For centuries, snake-oil salesmen, cult leaders, self-help authors, and other types of influencers have tried to tell us that they have the secret formula that will cure all of our emotional ills, help us overcome all of life’s roadblocks, and live eternally happy, successful lives. While some advice can be helpful, especially if it’s research-based, fresh, and simple to implement, there is no one answer that fits everybody. There are some universals, like it helps to be healthier, socially connected, and to manage your anxiety, but beyond this, one size doesn’t fit all. What works for your friend may not work for you, because you don’t have the personality to pull it off, it doesn’t feel authentic, your lifestyle doesn’t fit it, or you can’t tolerate the stress of executing the strategy. Research shows that most things in life are person X situation interactions. In other words, strategies that work in controllable situations (like taking an exam or trying to succeed at work) may not work in uncontrollable situations (like facing terminal cancer or trying to make a narcissist change). Trusting your gut might work best in some situations, while using your head might work better in others. According to psychiatrist and neuroscientist Daniel Segal, the author of Mindsight, the essence of mental health is flexibility and integration. In other words, you use different coping strategies mindfully, finding the one that best fits the specific situation, and you find answers by integrating information from your head and your heart.

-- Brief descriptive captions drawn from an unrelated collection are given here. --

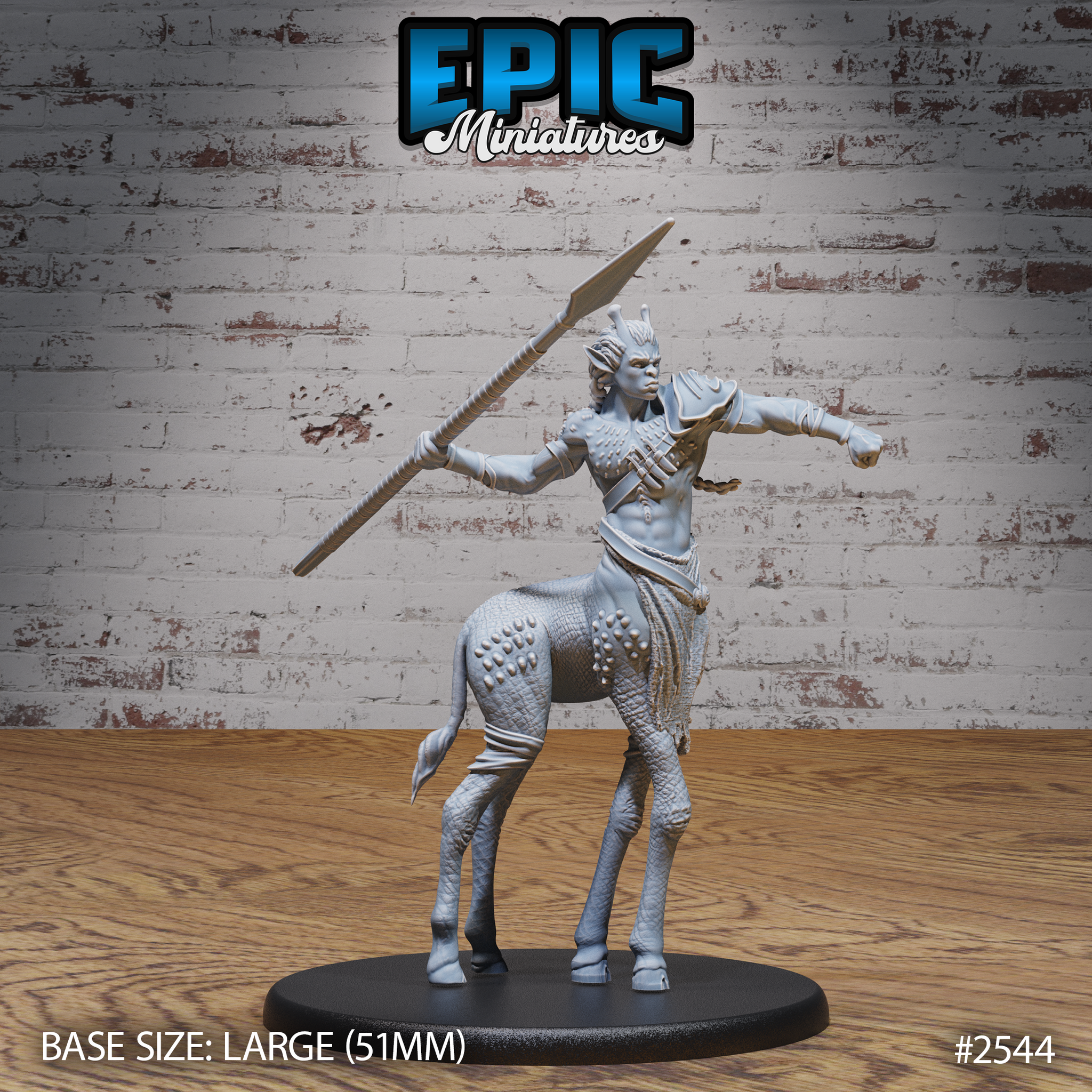 Giraffe centaur warrior leaning into a spear throw, one arm punching forward, the other gripping a long spear raised behind. Studded patterned hide on the equine body, shoulder armour and bandolier on the torso. Sculpt by Epic Miniatures.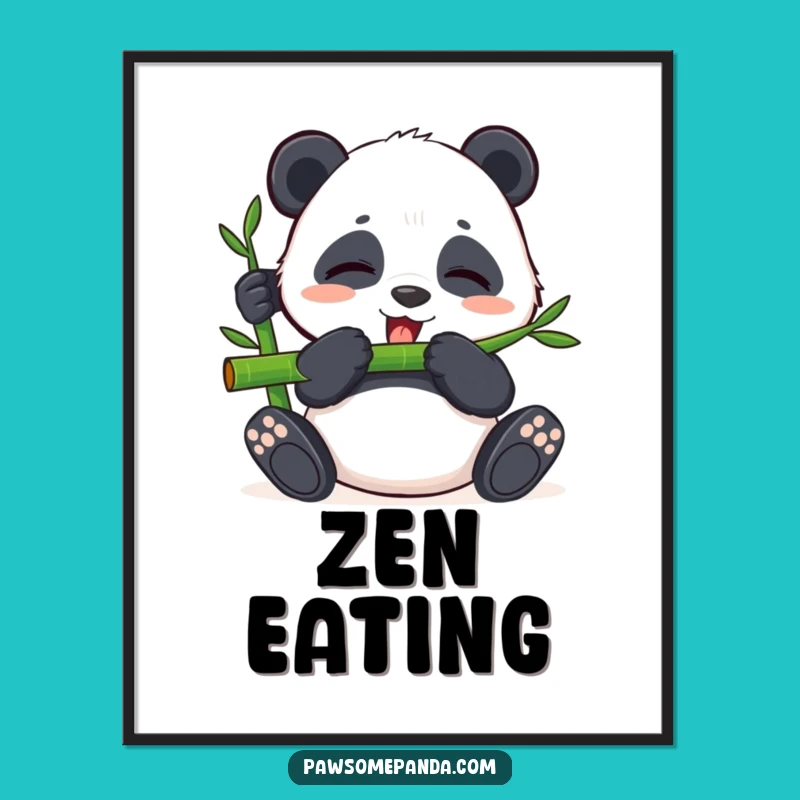 Funny Panda Bamboo Bliss Poster - Peaceful Wall Art & Gift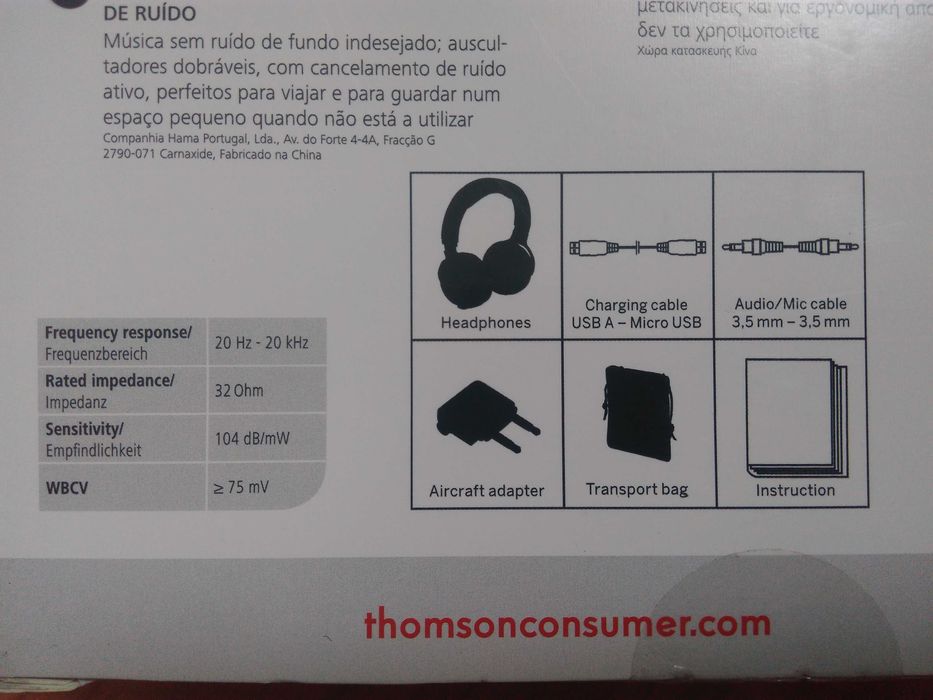 Casti Sigilate, Noi, THOMSON On-Ear cu Fir, microfon, noise cancelling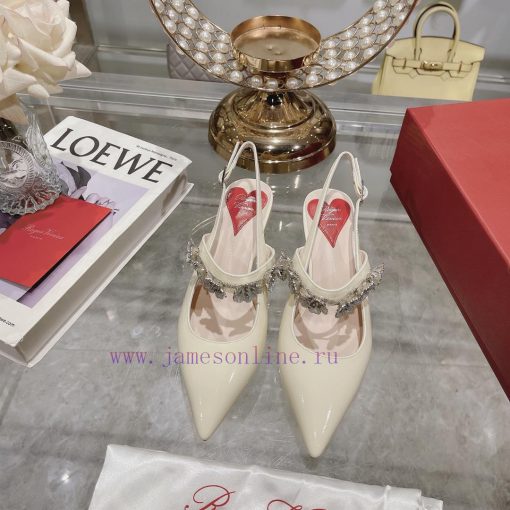 𝐑𝐨𝐠𝐞𝐫𝐕𝐢𝐯𝐢 * 2024 Spring/Summer New Women's Shoes Virgule Diamond Buckle Lacquered Leather Rea92sotwb - Image 2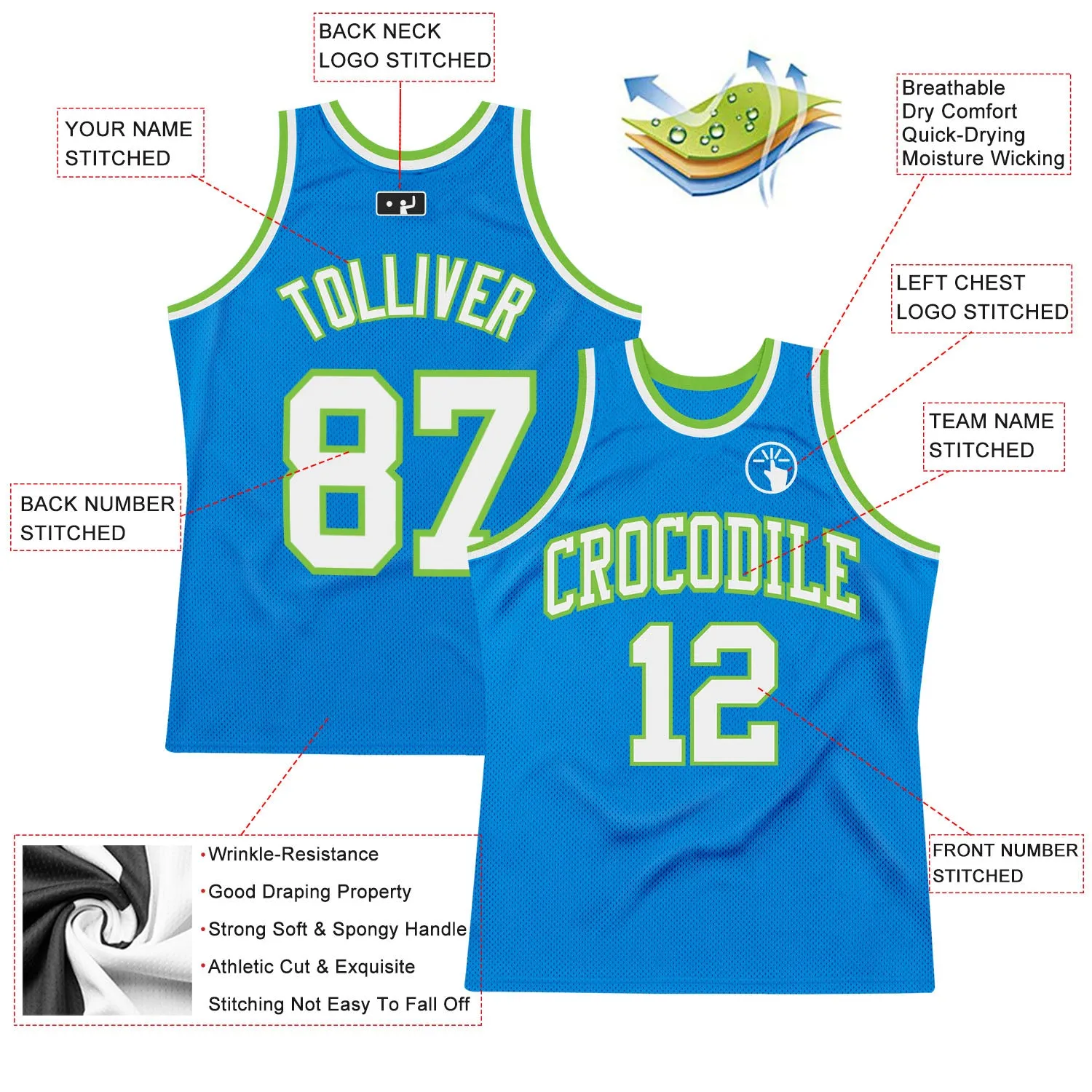 Custom Blue White-Neon Green Authentic Throwback Basketball Jersey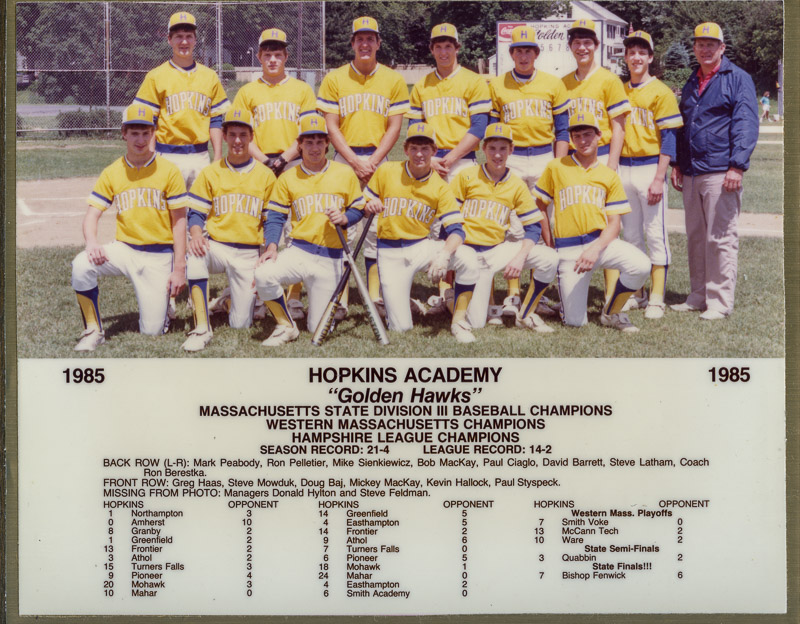 1985 baseball team with roster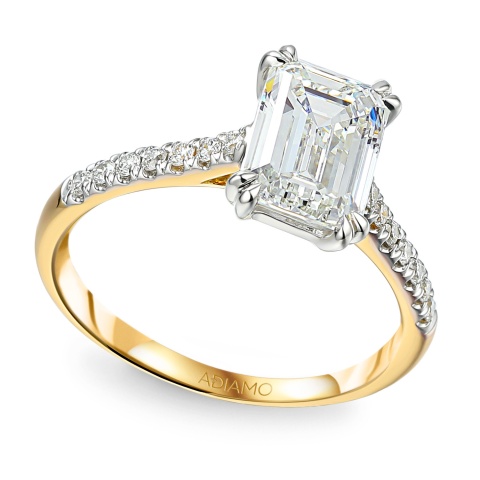 Pierścionek z diamentami laboratoryjnymi (R82483 YW LGD 2.00ct)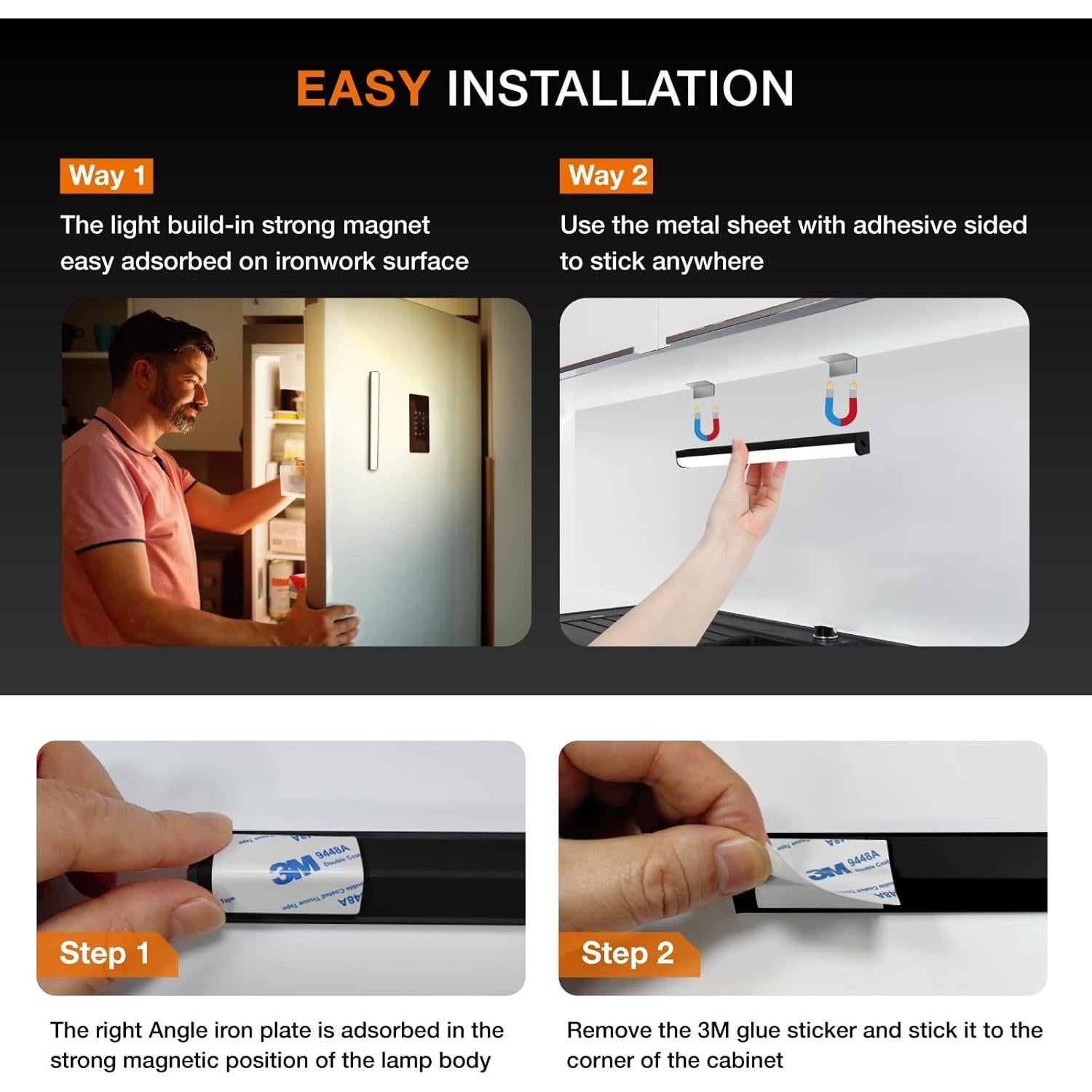 Luces Bajo Gabinete LED Inalámbricas Recargables 20cm Negro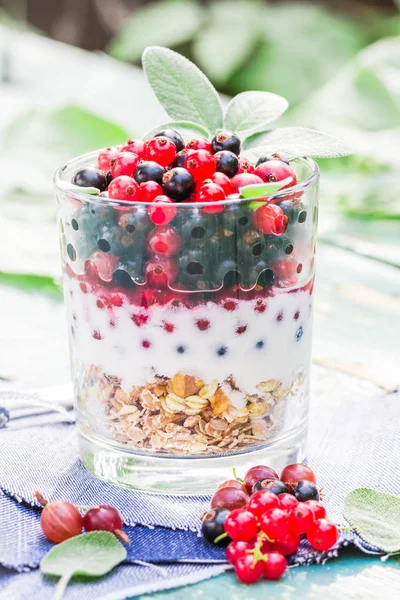 Alimentation saine muesli fruits frais colorés — Photo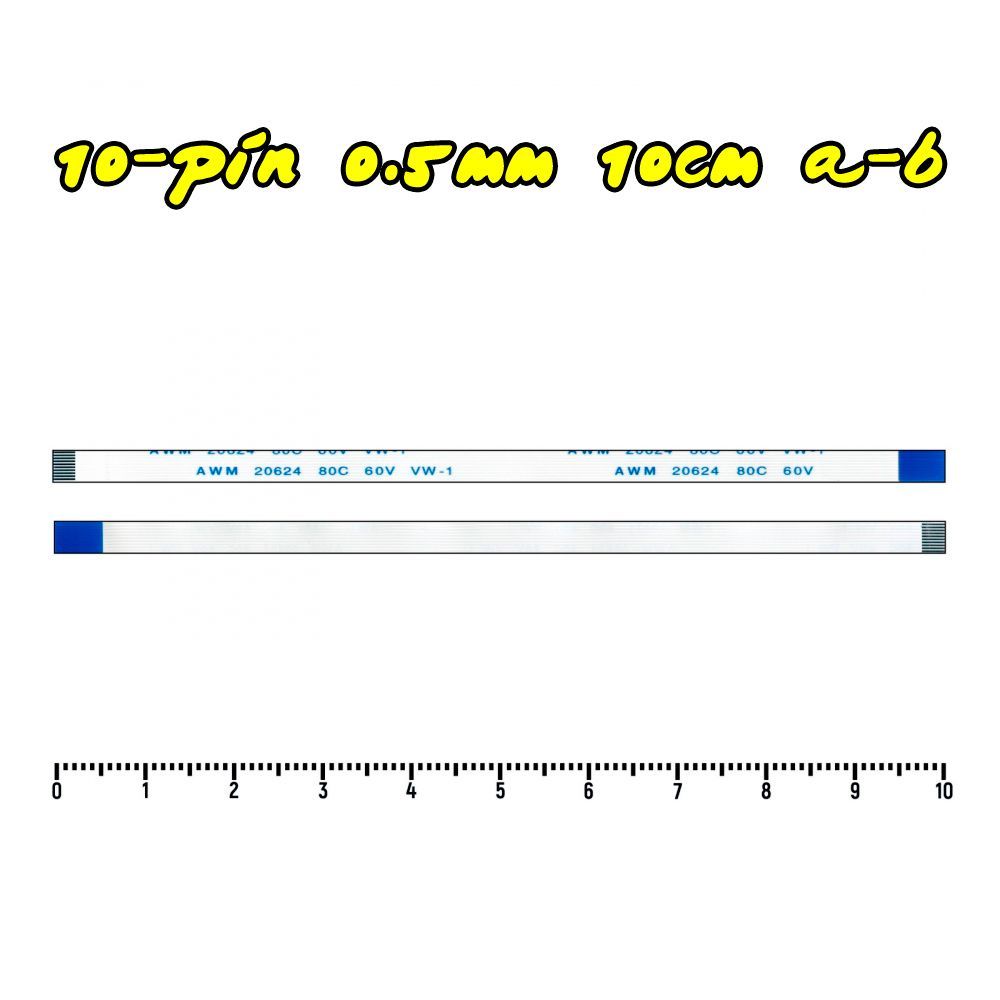 ШлейфFFC10-pinШаг0.5mmДлина10cmТипA-B(обратный)AWM2062480C60VVW-1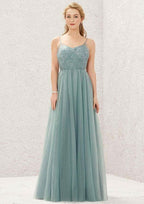 Long/Floor-Length Tulle Bridesmaid Dress, Princess A-Line Cut, V-Neck, Sleeveless, With Pleated Appliques BM bride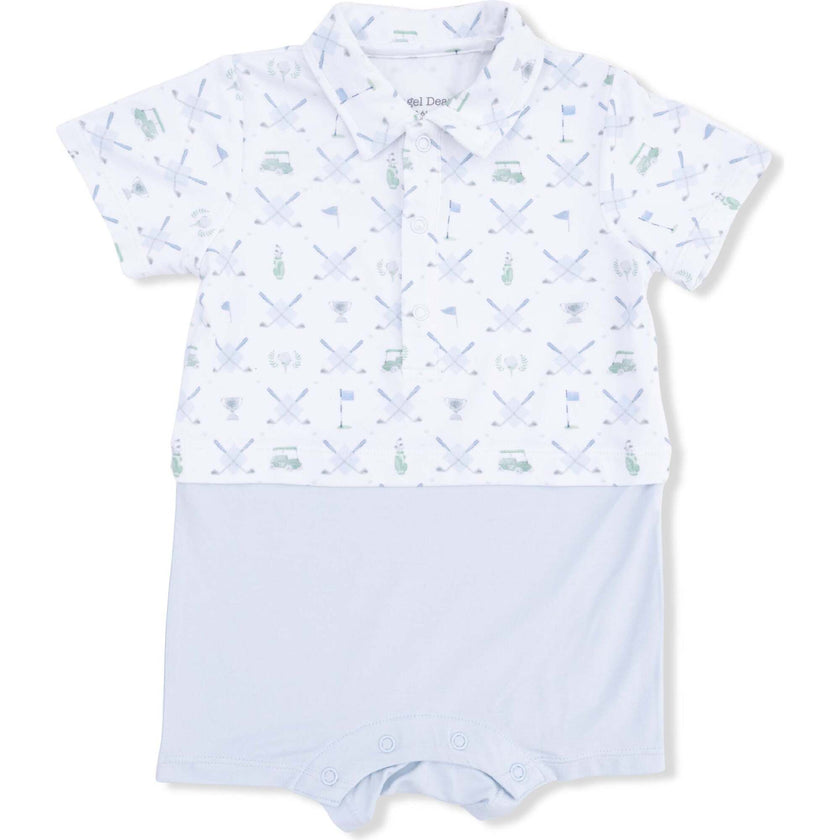 Short Playsuit, Golf Trellis Blue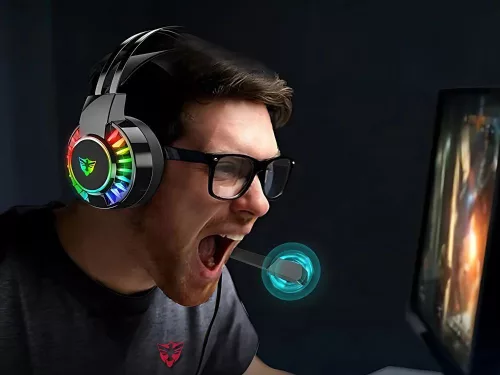 Gaming fejhallgató 7.1 rgb vezetékes fülhallgató mikrofonnal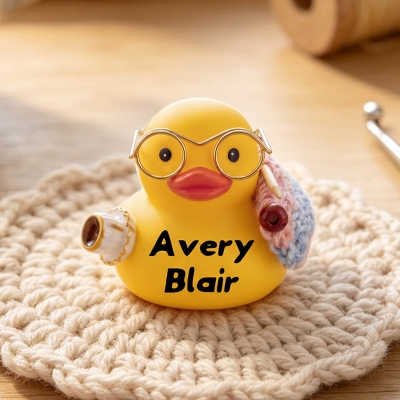 Personalized Name 3D Printed Knitting & Coffee Drinking Duck Figurine, Rubber Duck Collectible, Desk Decor, Birthday Gift for Mom/Grandma/Craft Lovers
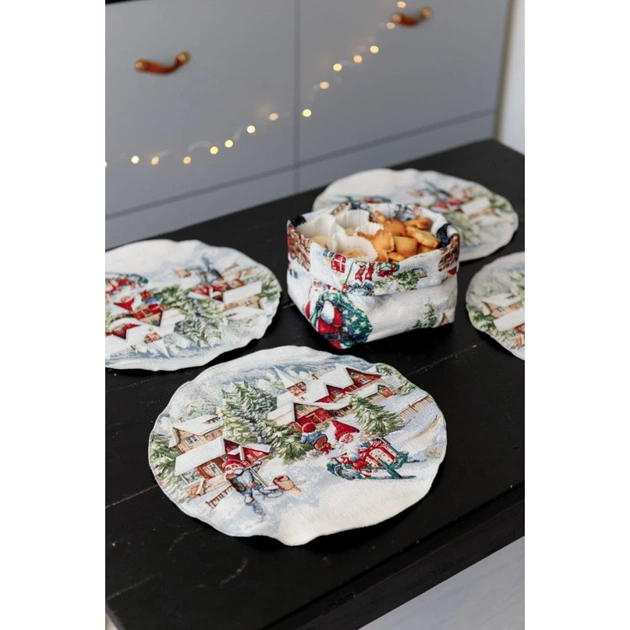 Серветка на стіл Прованс гобеленова з велюром Снігова зима D 35см (036442) - зображення 8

Take-Home Message: Find your own solutions, and adapt strategies to suit your lifestyle and personality. Don’t compare yourself to others, and don’t look to others to solve your problems. While it’s good to reach out, you’re the only one who can take it to the finish line.
5. There’s no elevator; you have to take the stairs.
Carol Dweck’s research on the growth mindset and Angela Duckworth’s research on grit shows that you are much more likely to succeed if you put in sustained effort over long periods. Research on mindfulness shows that mindfulness-based interventions can change the brain to be more self-regulating, positive, and connected, but this result occurred after participants meditated for five days a week for at least eight weeks. Although neuroplasticity exists, and the adult brain is capable of changing, this change is generally the result of sustaining new habits consistently over periods of months or years. Malcolm Gladwell argues in his book Outliers: The Story of Success that in the area of musical proficiency, success is the result of tens of thousands of hours of practice. Gladwell describes a study by psychologist Anders Ericsson and colleagues at Berlin’s Academy of Music that compared amateur and professional pianists. While the amateurs practiced for about 2,000 hours on average over the course of their career, the professional pianists had practiced for 10,000 hours on average — five times as much. So when it comes to musical proficiency and some other areas, it’s not about being a natural talent — It’s about working much longer and harder than your competitors.
Take-Home Message: To be successful requires a huge amount of hard work and perseverance; talent and potential alone are not enough.